For the most part, beyond a little advice and encouragement from mentors and the professor, students are on their own.
“What is so magical is that the students are in control of the class once the game begins,” Shutt said. “From my point of view as an instructor, I am there to watch students work things out. The best thing I can do is stay out of their way and let them figure it out … and they do! It’s a very different learning experience for them, and it’s a very different teaching experience for me.”
“It’s definitely something I’ve never really experienced in other courses, but it happens so naturally in Doing History,” Nail said. “Most often, students tend to forget that Dr. Shutt is even in the room. Students really like to take ownership of the class.”
“It felt weird at first,” said Rader Francis, another of the student mentors. “But after the first game session we didn’t hesitate on what to do to start the class each day, or on where to take it.”
The course draws a different kind of student — from quiet and thoughtful to more outgoing students, from history majors to non-majors, from gamers to non-gamers. There is no pre-requisite, so first-year students can take the course too.
One obvious difference from more lecture-intensive courses is the amount one is expected to talk with other students.
“The whole experience is a lot more participatory than the typical reading- or lecture-style course,” said Johnson.
Some students take the class to improve their public speaking skills.
“It has been rewarding to see people develop into more confident students,” she said. “I enjoy encouraging them because I do not think they realize their strengths and I want to bring that out of them.”
There is a high level of student engagement, emotionally and intellectually, said Shutt, adding that she especially enjoys seeing shy students come to life when they are put into a role.
“I wasn’t expecting to be so invested in my character and the game, especially because the first character I played was a Royalist in the French Revolution,” Nail said. “Students definitely become very connected to their characters.”
“The students were way more engaged with the material,” Francis said. “Everybody wanted to be knowledgeable so they wouldn’t lose the game.”
Though fun, the games are embedded in rigorous scholarship. Solid preparation is the key to winning the game.
“If students are playing well, they’re reading outside of class,” Shutt said.

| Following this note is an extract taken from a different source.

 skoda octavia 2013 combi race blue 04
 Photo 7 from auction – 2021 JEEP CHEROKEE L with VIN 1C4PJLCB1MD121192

“Though there is a large amount of work outside of class and core-text reading — Rousseau and Plato are some dense dudes — what I love about Doing History is that the homework never feels like work,” Nail said. “Students spend multiple hours every week outside of class meeting with their groups, but they are having so much fun scheming and strategizing to get ahead in the game that they never really complain about the work.”
Role-playing games can require a greater investment in understanding the historical content and a competitive nature, said student mentor Megan Bellfield.
“In order to do well in each session, you must know the values of each faction and how that affects the government,” she said. “I enjoy a little competition, and I think that helped drive me to be more engaged.”
Role-playing also allows students to stumble and struggle in order to have a deeper understanding of historical context, said Bellfield.
Hendrix alumnus Dr. Nick Proctor ’90, a history professor at Simpson College, a liberal arts institution in Iowa, is also a proponent of using games in teaching.
Proctor will return to his alma mater in March 2020 to work with Shutt and her students, running a simulation another history game-in-development for a course Shutt is developing on game design.
The course is part of Shutt’s work under the College’s James and Emily Bost Odyssey Professorship, a three-year award she received last year.